Monday, January 4, 2010
I Rann, I Rann So Far Away... Showcase #17
Adam Strange is an ordinary, everyday archaeologist. Well, more like a movie serial archaeologist who happens to discover a lost Incan treasure (without lifting a shovel) gets chased by hostile natives and leaps over a cliff. But that's not the far-fetched part.
As Adam makes his risky leap, he is teleported from Earth to the planet Rann, orbiting the "star-sun" Alpha Centauri- 25 trillion miles away. Strange finds himself in the company of a pretty young woman who takes him to see her scientist father. Their language barrier is overcome easily by hooking Adam to the "Menticizer" a "remarkable device that lets our children talk from the day they are born!" - I love how space people and people from the future always seem so excited by what are clearly mundane things in their own world. - Also, "children talk from the day they are born?". Really? What do they say? "Hungry!", "Wet!" "Sleepy!" "There you are!"... what a breakthrough.
Once Adam can understand Alanna and her father Sardath, Sardath explains Adam's bizarre arrival on the planet Rann. Apparently, Rann sent out radio beams to Earth a little over 4 years ago hoping to communicate with Earth. Somehow the radio beams were transformed into a teleportation beam or "Zeta-Beam". It took a little over 4 years because Alpha Centauri is 4.3 light years from Sol.
Now I'm no astrophysicist, but firstly, do radio waves travel at light speed?? Not that I'm aware of. Secondly, if the "Zeta-Beam" travels at light speed and it took 4.3 light years to reach Earth... wouldn't it have taken another 4.3 years for Adam Strange to reach Rann????

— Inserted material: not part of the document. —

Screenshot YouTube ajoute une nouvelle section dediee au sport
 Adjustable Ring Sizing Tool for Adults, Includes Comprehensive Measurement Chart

Any way, despite Rann's superior, advanced technology it takes a clodhopper from Earth to defeat an alien invasion (don't you people rate a Green Lantern?). Which just happens to start right after Adam Strange arrives. Which is pretty much the theme of every Adam Strange story of the entire Silver Age.
Adam Strange is a likeable comic. It borrows heavily from John Carter of Mars and Buck Rogers, but has it's own, unique voice. The way each story ends with Adam being teleported back to Earth, away from a world of adventure and the woman he loves is somehow genuinely poigniant. Strange lives his life on Earth counting the days, hours and minutes until the next Zeta-Beam to Rann. I can imagine a few readers found themselves counting the weeks until the next issue of Mystery in Space.